Nonetheless, Leary did have moments of lucidity. Consider the following statement and the unusual yet thoroughly valid ways in which it might apply to a cinematographer’s mindset.
“Admit it. You aren’t like them. You’re not even close. You may occasionally dress yourself up as one of them, watch the same mindless television shows as they do, maybe even eat the same fast food sometimes. But it seems that the more you try to fit in, the more you feel like an outsider, watching the normal people as they go about their automatic existences.
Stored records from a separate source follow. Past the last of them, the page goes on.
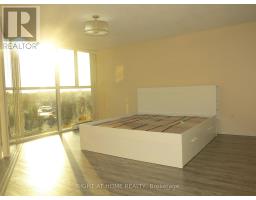610 - 127 Belmont Drive, London South, ON N6J4J7 Photo 8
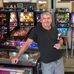 Malcolm Byrne - Facebook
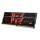 G.Skill Aegis 16 Go (2 x 8 Go) DDR4 2400 MHz CL15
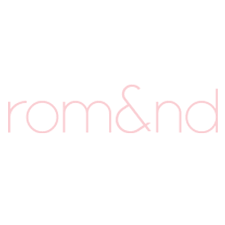ROM&ND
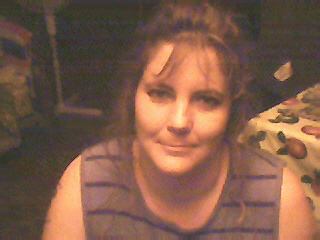 Sue James Photo 18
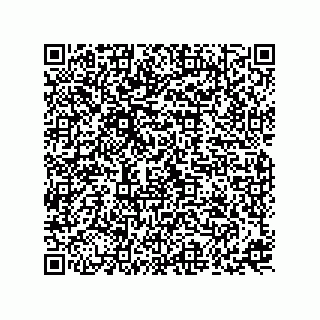 vCard 73817033260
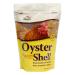 Manna Pro Crushed Oyster Shell  Egg-Laying Chickens  5 LB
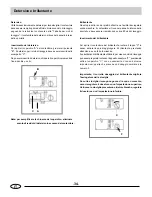 Preview for 35 page of Haier DW12-LFE S Instructions For Use Manual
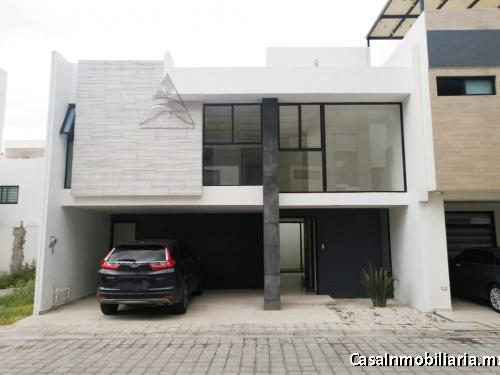 FRACCIONAMIENTO LA ILUSION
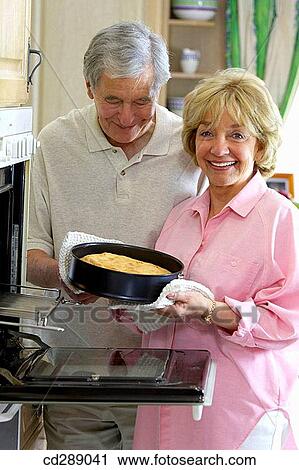 bake, cake, baking, at-home View Large Photo Image Stock Image - bake, cake, baking, at-home. Fotosearch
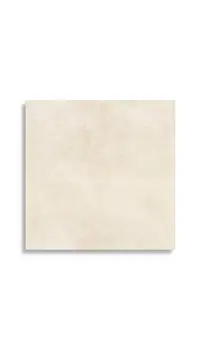 vloertegel Beige 100 x 100 | 550-957 | Jan Groen Tegels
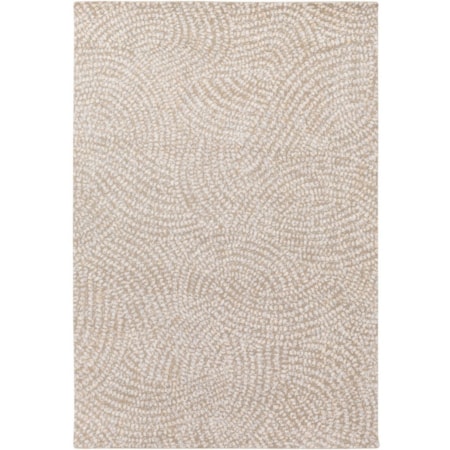 9' x 12' Rug
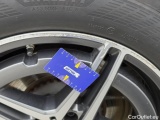  Mercedes  EQC Mercedes-Benz   400 4MATIC Business Solution AMG 5d #57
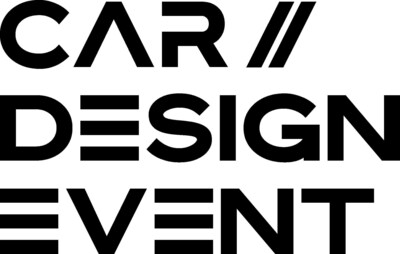 Car Design Event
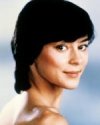 Фотография, биография Мэг Тилли Meg Tilly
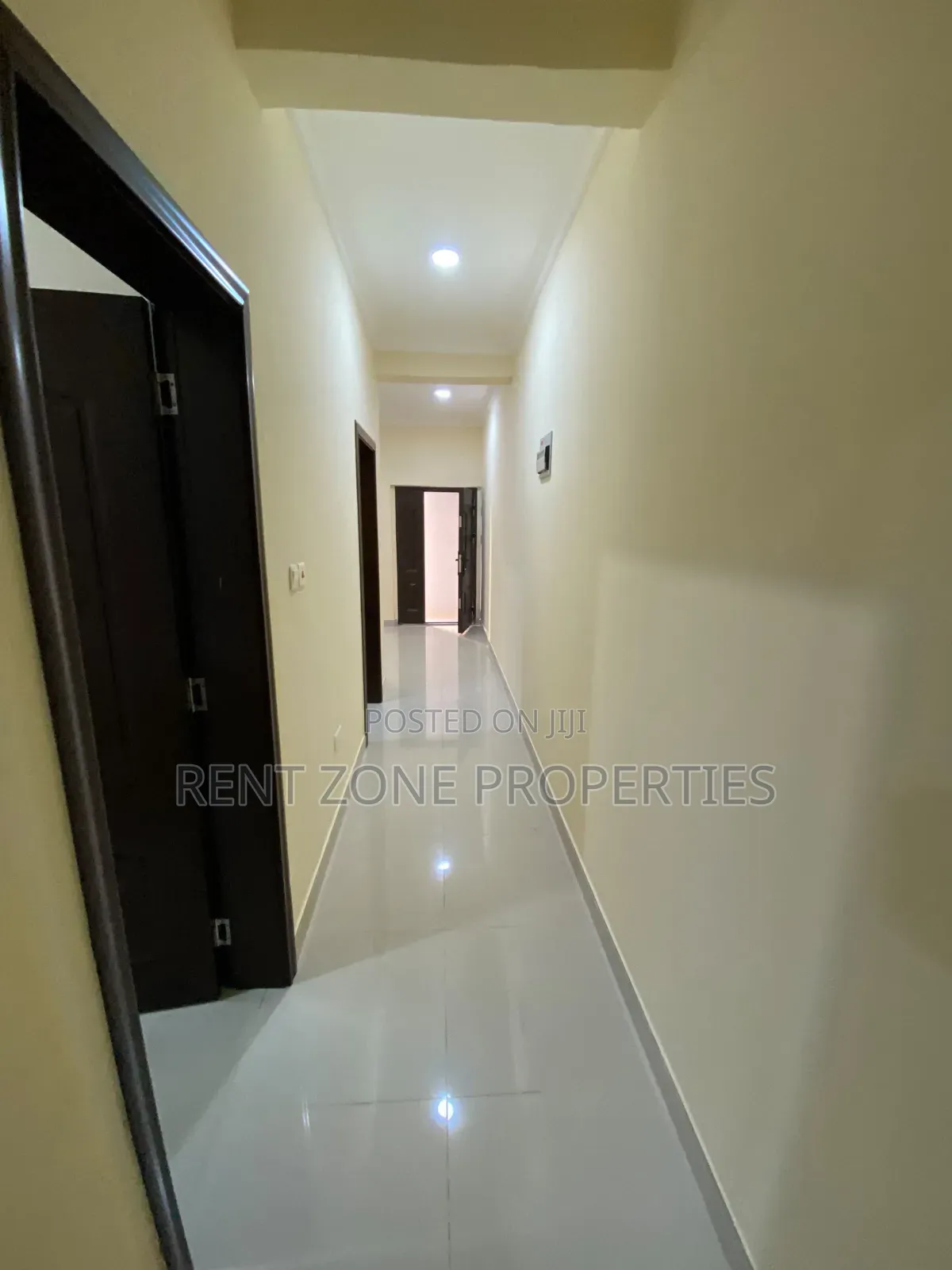 1bdrm Apartment in Ablekuma for rent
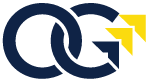 Ocean Groupage+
For every time you say club passwords like “Have a nice day” and “Weather’s awful today, eh,” you yearn inside to say forbidden things like “Tell me something that makes you cry” or “What do you think deja vu is for?” Face it, you even want to talk to that girl in the elevator. But what if that girl in the elevator (and the balding man who walks past your cubicle at work) are thinking the same thing? Who knows what you might learn from taking a chance on conversation with a stranger. Everyone carries a piece of the puzzle. Nobody comes into your life by mere coincidence. Trust your instincts. Do the unexpected. Find the others.”
I’ll leave it to you for interpretation…but there’s no doubt more to what Leary said than at first meets the eye!